### Source data
>>>>
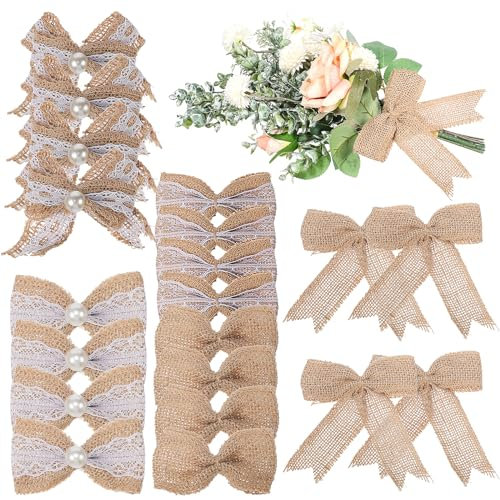 HOMSFOU 20pcs Burlap Bowknots Set Burlap Bows Lace Jute Bows Pre Tied Bows for Christmas Tree Vintage Wedding Party Decor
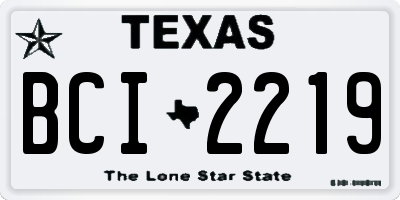 TX license plate BCI2219
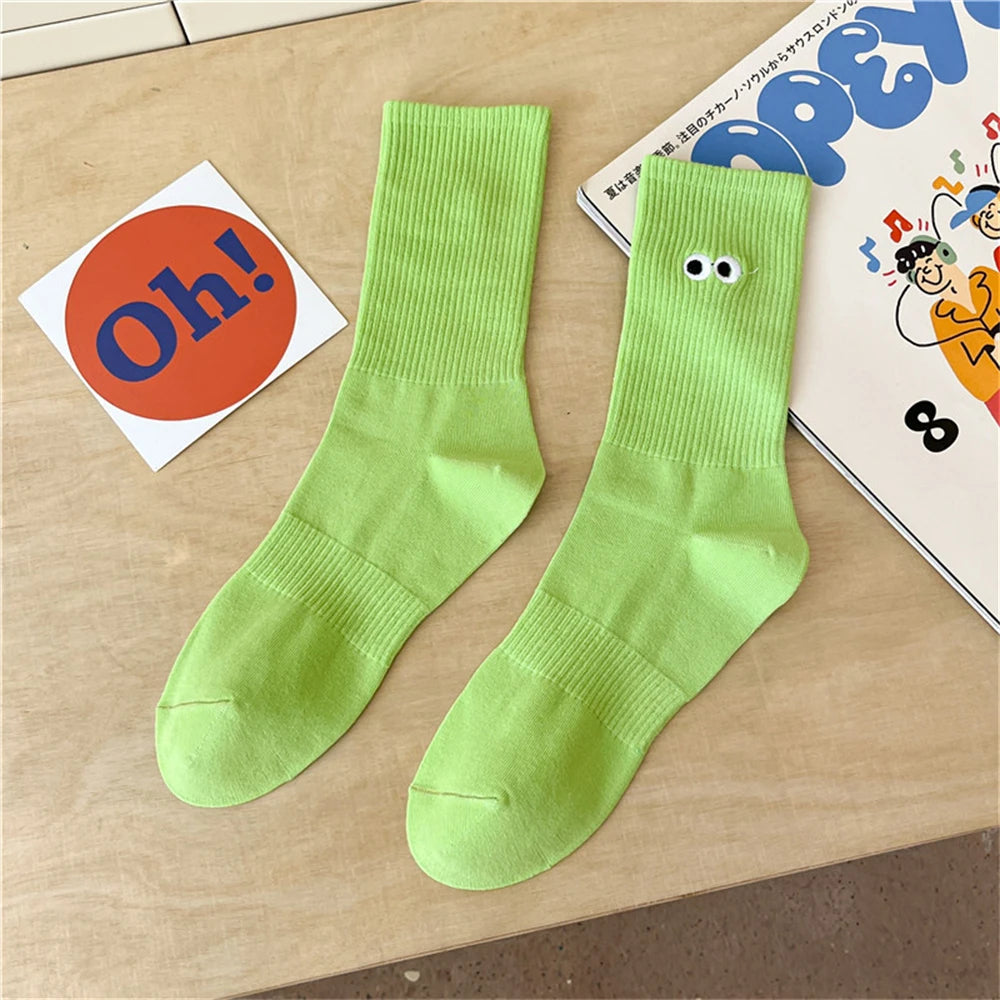 New Women's Embroidered Big Eyes Mid-Tube Socks Ins Trendy Colorful Cartoon Cute Soft Cotton Sports Sokken Dropship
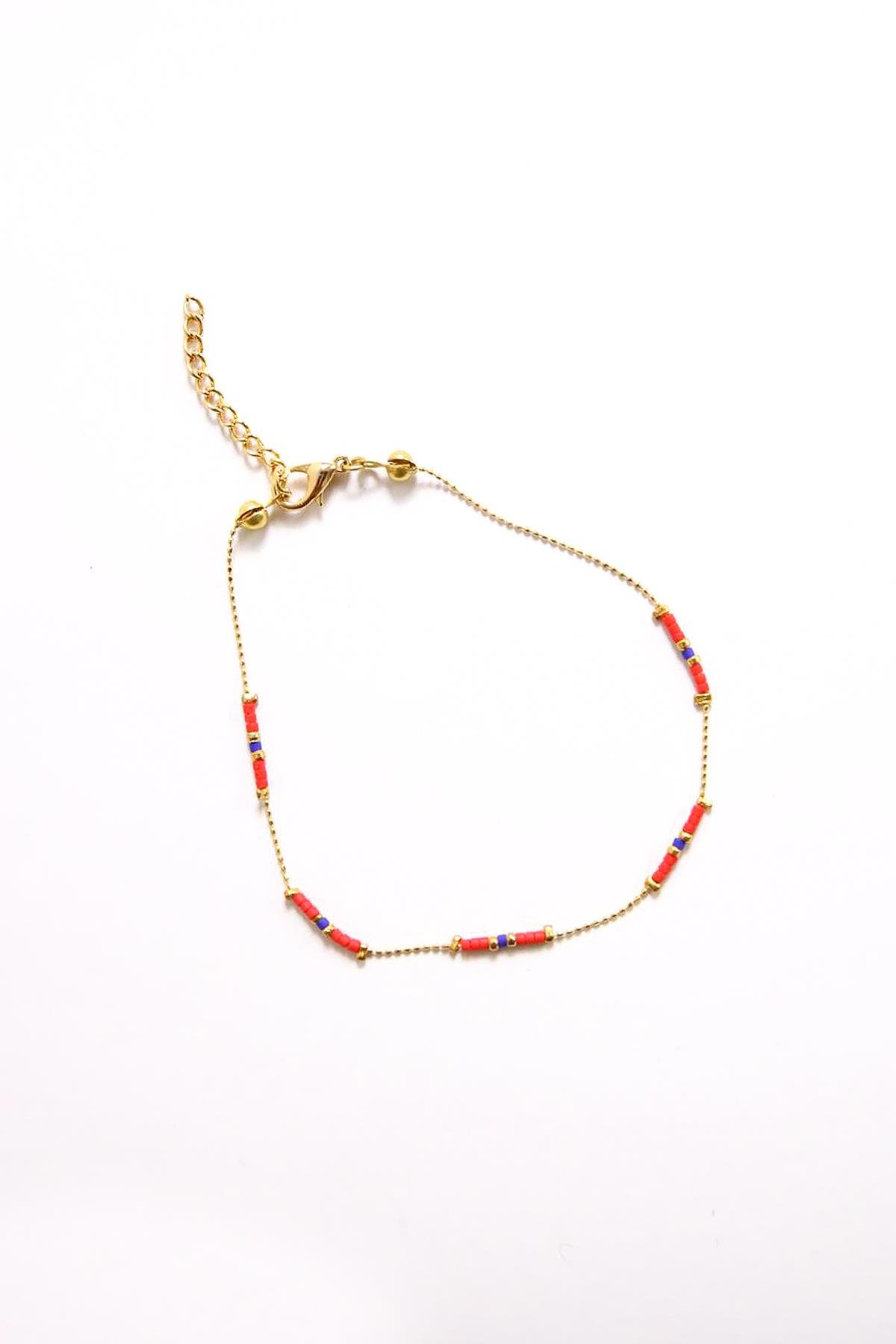 Turuncu Taş Detay Halhal - Şaman Butik Turuncu Taş Detay Halhal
<<<<
### Exercise brief
Restate the full listing verbatim and drop every picture.

### Response area
 HOMSFOU 20pcs Burlap Bowknots Set Burlap Bows Lace Jute Bows Pre Tied Bows for Christmas Tree Vintage Wedding Party Decor
 TX license plate BCI2219
 New Women's Embroidered Big Eyes Mid-Tube Socks Ins Trendy Colorful Cartoon Cute Soft Cotton Sports Sokken Dropship
 Turuncu Taş Detay Halhal - Şaman Butik Turuncu Taş Detay Halhal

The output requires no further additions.